*** Task data ***
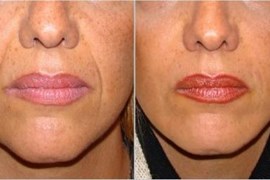 تزریق ژل جوویدرم در خط خنده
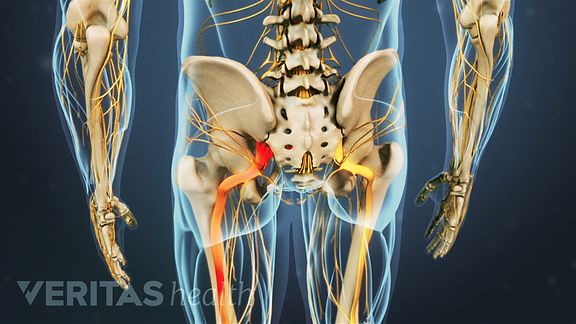 Sciatica Nerve Stretches, Protocols, and Treatments for Faster Pain Relief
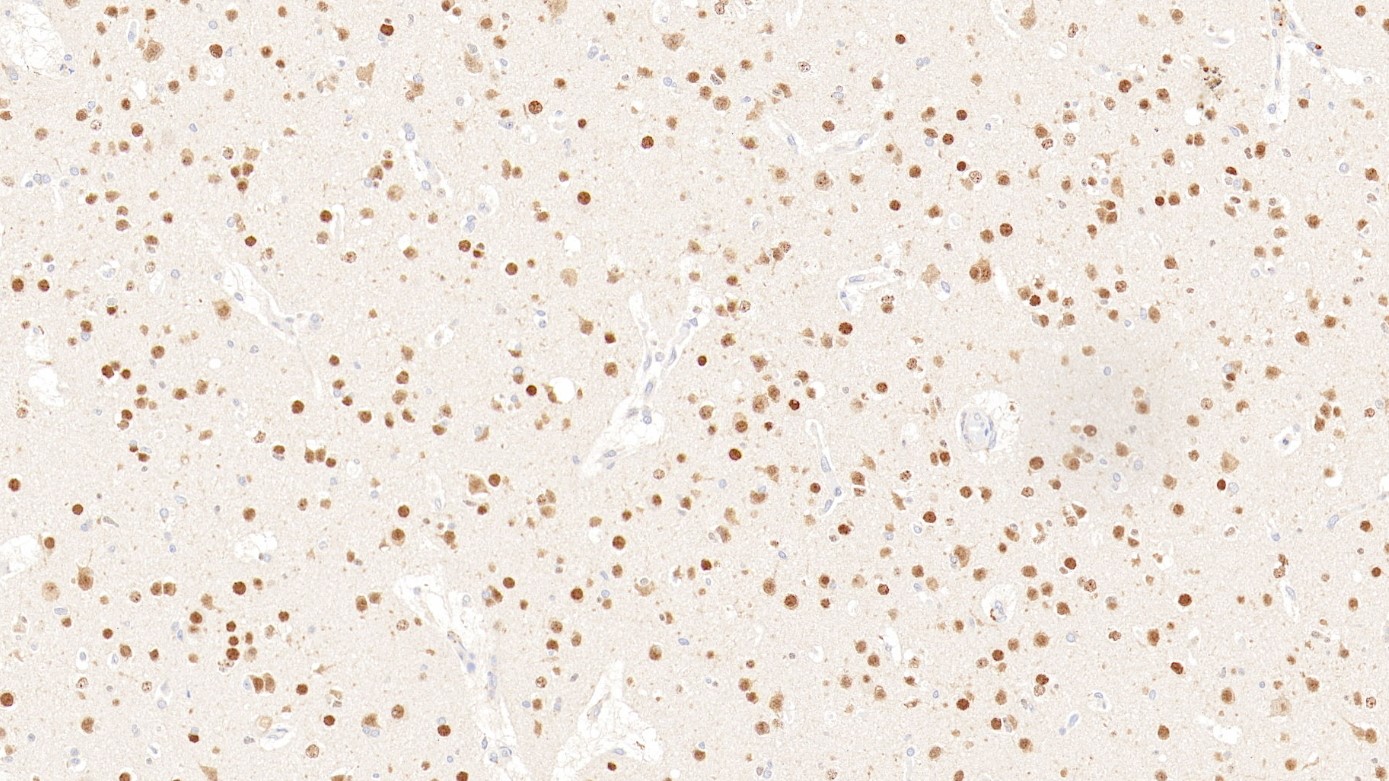脑胶质瘤FOXG1(EPR18987)染色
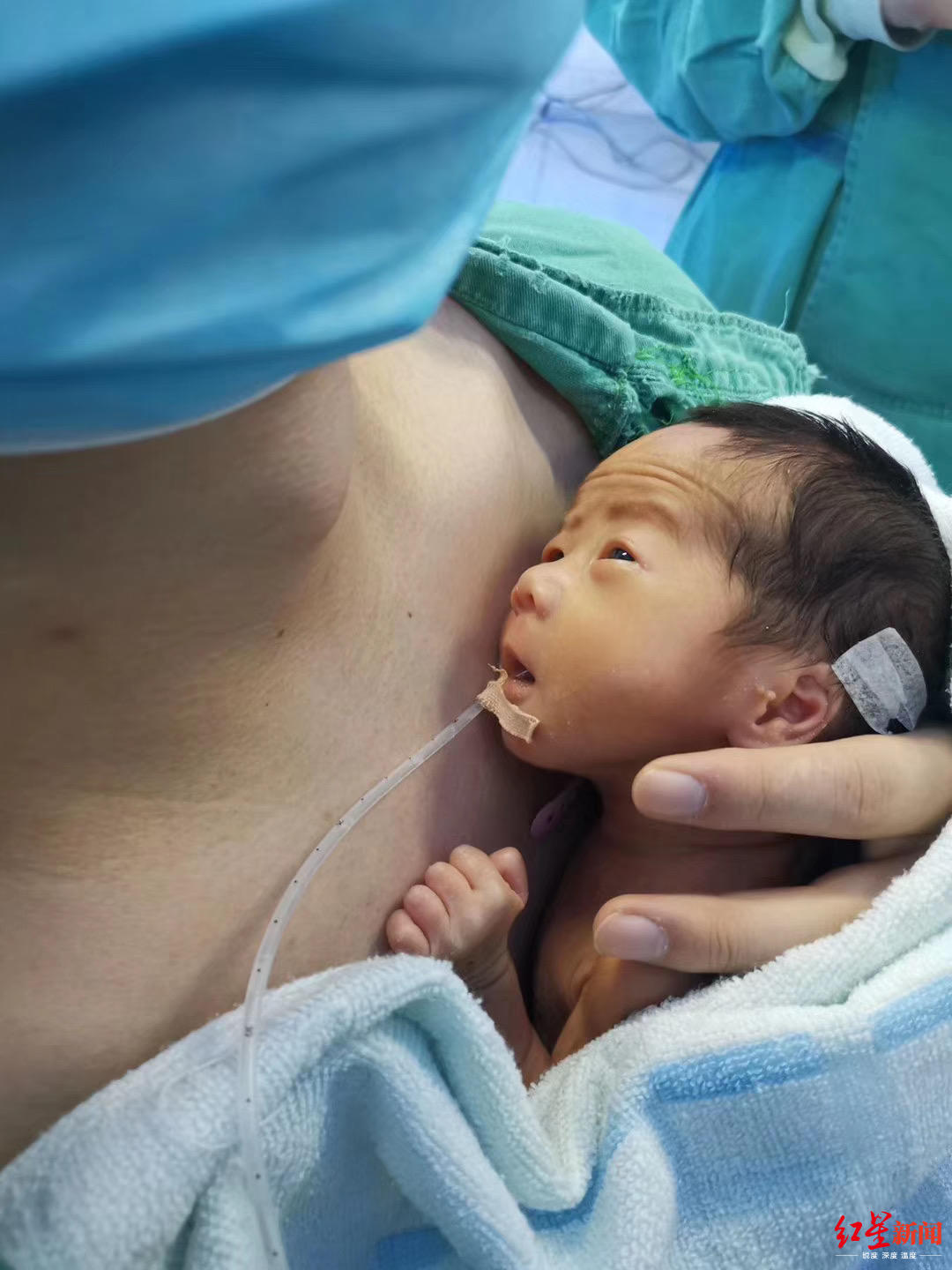 袋鼠抱婴儿原视频,袋鼠抱早产儿要多和宝宝说话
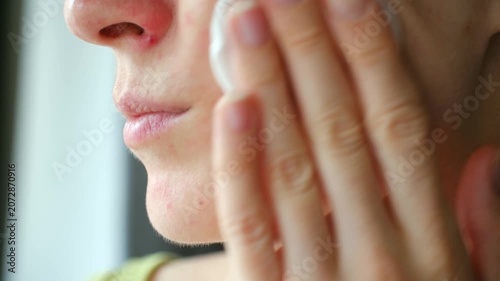 Close up female face with red pimples, allergic rash, carefully applying medical treatment with cotton pad to sensitive skin, focusing on dermatological care. Woman treating facial skin allergy rash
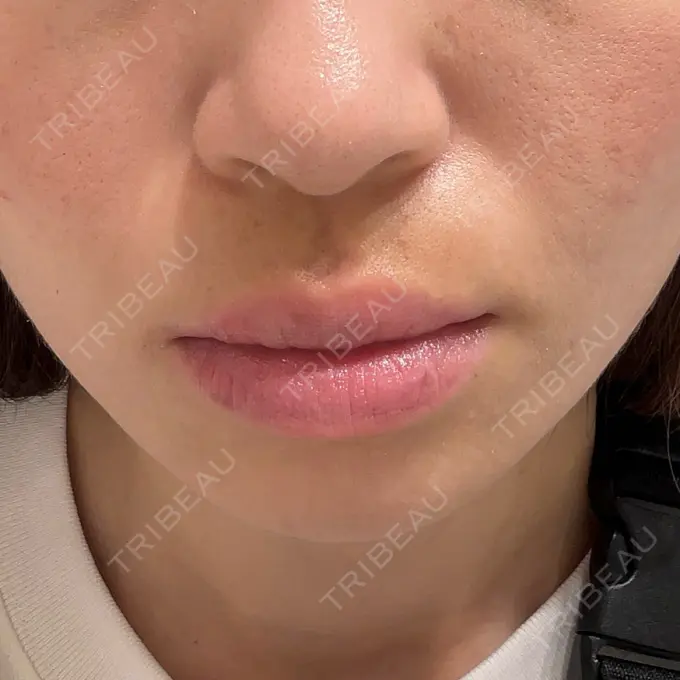 ヒアルロン酸注入（頬） / ヒアルロン酸注入（鼻翼基部） KIMI CLINIC 形成・美容外科 BEFORE メイン用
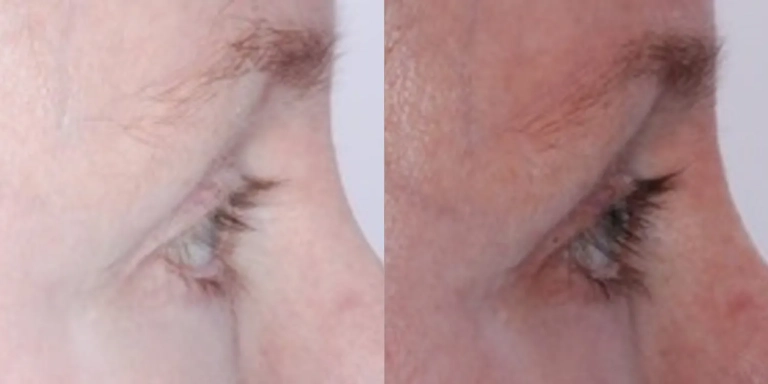Before and after photo of Latisse at The Hughes Center medspa in Cherry Hill NJ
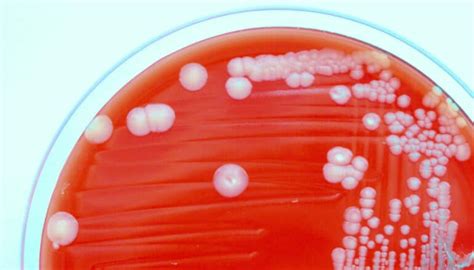 Enterotoxigenic E. coli (ETEC) - Futurity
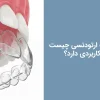 شیت ارتودنسی چیست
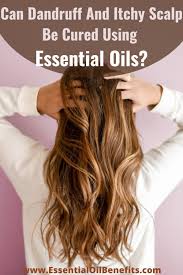 Can Dandruff And Itchy Scalp Be Cured Using Essential Oils In 2020 All Natural Hair Dye Dandruff Natural Haircare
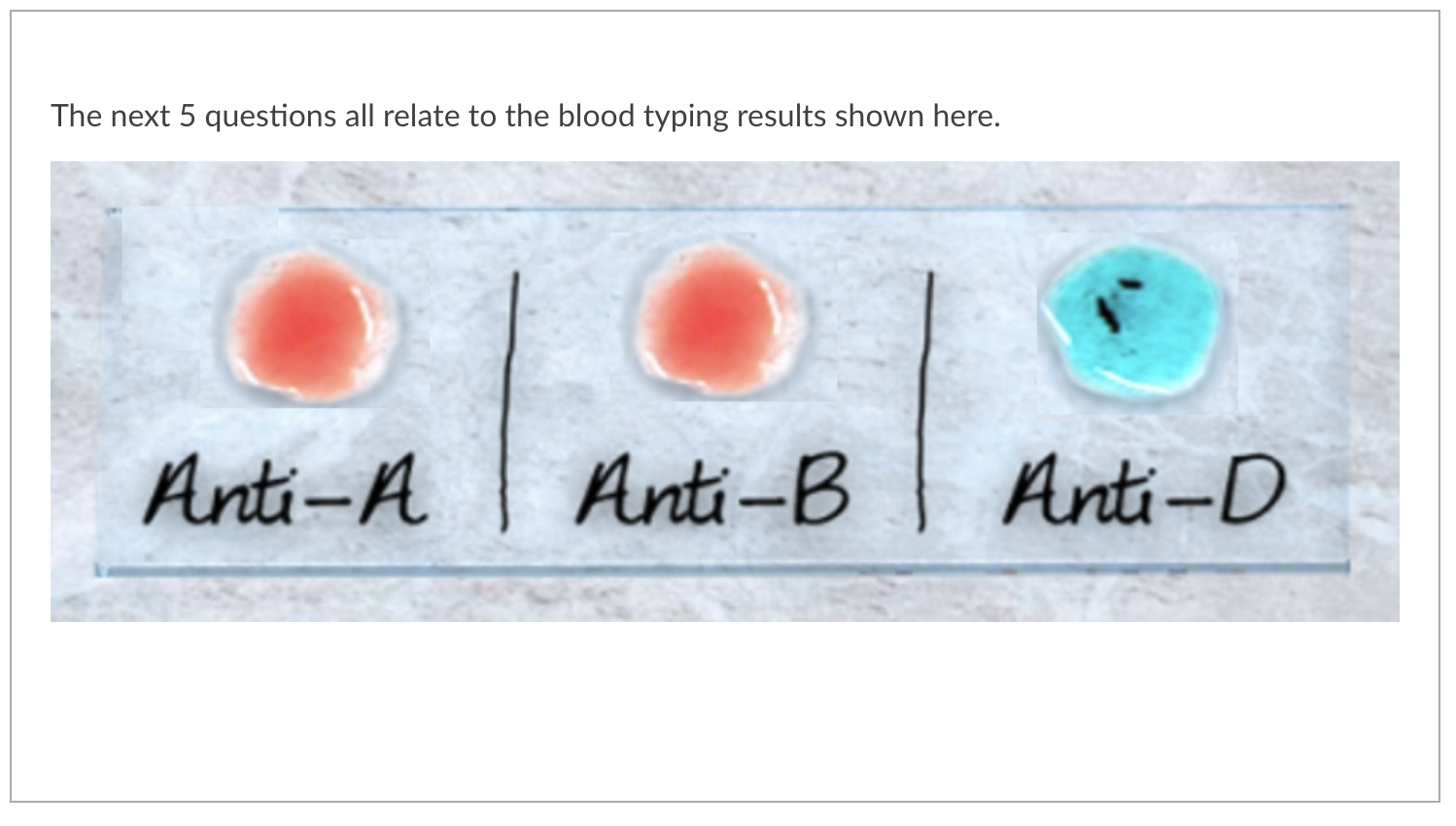Solved 1. Based on the blood typing results shown above,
*** End of Task data ***
Task statement
Copy only the lines running from the one that holds "Before and after" through the last line of the data, and include both of those lines. Do not copy any pictures.

Task response
Before and after photo of Latisse at The Hughes Center medspa in Cherry Hill NJ
 Enterotoxigenic E. coli (ETEC) - Futurity
 شیت ارتودنسی چیست
 Can Dandruff And Itchy Scalp Be Cured Using Essential Oils In 2020 All Natural Hair Dye Dandruff Natural Haircare
Solved 1. Based on the blood typing results shown above,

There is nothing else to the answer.